I have the below mentioned CB cluster configuration:

  1. Version - 6.0.2
  2. 5 data, 5 index, 8 query nodes on Azure
  3. Bucket has 130 million documents
  4. Each node configuration:
    Operating system : Linux (centos 7.7.1908)
    Size:Standard E64-32s_v3 (32 vcpus, 432 GB memory)
    vCPUs : 32
    RAM : 432 GB

Now i want to know how to calculate number of FTS nodes and its machine configuration such that out of 130 million documents, i just need to index 60 million documents and only with its document id. I just want to store one more field from each document to search node. Also, there will be a throughput of 100 request per second.

And what number of search nodes and configuration, you guys suggest for the above cluster?


Hi @Nitesh_Gupta ,

You may start with 2 FTS nodes of the above configuration of default 6 partitioned index, with 1 replica enabled for HA.
Thereafter, depending on the latency requirements you may adjust the partition count to leverage the CPU cores available empirically.

And you may set the FTS memory quota to ~70% of the RAM, ie ~290GB.

You also need to think about the future growth potential of the data too while provisioning the nodes/partitions.

Now, after these initial trials and future growth considerations, if numbers are looking good,
you may explore nodes with a slightly lesser configuration like 16 cores with lesser RAM too.

Thanks @sreeks for this initial configuration to start with.

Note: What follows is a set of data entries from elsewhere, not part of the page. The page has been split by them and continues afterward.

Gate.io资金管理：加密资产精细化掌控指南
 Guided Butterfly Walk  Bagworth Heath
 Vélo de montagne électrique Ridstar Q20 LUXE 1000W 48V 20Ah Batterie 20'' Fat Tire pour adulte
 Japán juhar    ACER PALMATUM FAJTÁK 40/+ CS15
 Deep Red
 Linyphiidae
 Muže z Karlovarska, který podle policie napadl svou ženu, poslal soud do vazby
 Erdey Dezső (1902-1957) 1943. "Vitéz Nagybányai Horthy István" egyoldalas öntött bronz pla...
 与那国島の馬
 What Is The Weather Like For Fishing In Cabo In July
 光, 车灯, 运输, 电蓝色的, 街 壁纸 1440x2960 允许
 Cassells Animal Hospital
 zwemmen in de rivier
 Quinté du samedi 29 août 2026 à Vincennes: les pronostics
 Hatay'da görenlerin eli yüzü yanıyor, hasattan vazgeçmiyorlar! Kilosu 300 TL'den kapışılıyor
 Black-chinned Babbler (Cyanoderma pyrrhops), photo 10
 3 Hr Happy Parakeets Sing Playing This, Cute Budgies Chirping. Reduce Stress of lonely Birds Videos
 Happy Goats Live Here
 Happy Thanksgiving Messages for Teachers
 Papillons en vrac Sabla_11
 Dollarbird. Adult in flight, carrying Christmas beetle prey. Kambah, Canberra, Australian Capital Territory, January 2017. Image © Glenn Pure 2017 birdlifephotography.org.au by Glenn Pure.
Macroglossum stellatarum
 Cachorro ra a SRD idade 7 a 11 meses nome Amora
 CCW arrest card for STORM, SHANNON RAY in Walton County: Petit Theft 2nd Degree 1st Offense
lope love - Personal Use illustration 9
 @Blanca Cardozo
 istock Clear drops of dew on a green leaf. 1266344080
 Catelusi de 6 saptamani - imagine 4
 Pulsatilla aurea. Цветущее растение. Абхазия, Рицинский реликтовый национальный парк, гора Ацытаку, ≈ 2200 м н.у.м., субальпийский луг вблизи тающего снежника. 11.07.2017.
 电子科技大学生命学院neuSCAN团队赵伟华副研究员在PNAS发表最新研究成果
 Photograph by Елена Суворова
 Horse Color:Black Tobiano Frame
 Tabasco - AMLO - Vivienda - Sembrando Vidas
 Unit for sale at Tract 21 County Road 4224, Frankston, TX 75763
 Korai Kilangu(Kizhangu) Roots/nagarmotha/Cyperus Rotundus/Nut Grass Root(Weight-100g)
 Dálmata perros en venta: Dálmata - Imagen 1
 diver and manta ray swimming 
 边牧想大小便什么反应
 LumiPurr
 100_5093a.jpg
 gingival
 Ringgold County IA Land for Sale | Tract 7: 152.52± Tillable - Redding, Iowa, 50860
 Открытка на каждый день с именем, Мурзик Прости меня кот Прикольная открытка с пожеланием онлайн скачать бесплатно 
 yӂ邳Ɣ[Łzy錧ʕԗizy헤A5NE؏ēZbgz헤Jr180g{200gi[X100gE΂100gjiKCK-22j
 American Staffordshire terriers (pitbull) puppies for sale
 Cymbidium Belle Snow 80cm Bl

I tried creating index on 6 lacs documents out of 130 million documents with above mentioned configurations and requirements. Creating index took almost 1 hour and after index completion, doc count was showing 130 million.

  1. why it took so much time?
  2. why doc count was showing complete document count?
  3. While index create/update, it took 98% CPU utilization. why?

Index created was on one field with only index checked box. Then later i added 3 more fields to index with only index checked box. It again took 1 hour. why is it time consuming?

Doc count indicates the number of documents processed from the bucket. Not the real count of documents in the index.
This stat label is updated in the latest server software.

  1. why it took so much time?
    As FTS has to process/parse all 130M documents, it is taking this much time. Only by inspecting the document contents it knows whether this is the type of document the user need to index or not.

  2. why doc count was showing complete document count?
    Its the count of documents processed so far.

  3. While index create/update, it took 98% CPU utilization. why?
    FTS has to text analyze the documents, index it. And there is background compaction and a lot of other activities going on.

FTS has to parse the whole 130M documents again once you change the index definition or mapping. As mentioned in other thread - its a rebuild from zero.

How many nodes you have and what is its hardware configuration? Are those hosting only FTS service?

Copying from my initial post:

Adding 2 search nodes with memory quota of 70% RAM and index being created with 6 partitions (may be default value, i am not sure because i do not have option to set it while index definition) having 1 replica with scorch type.

And, yes these 2 nodes are hosting only search service.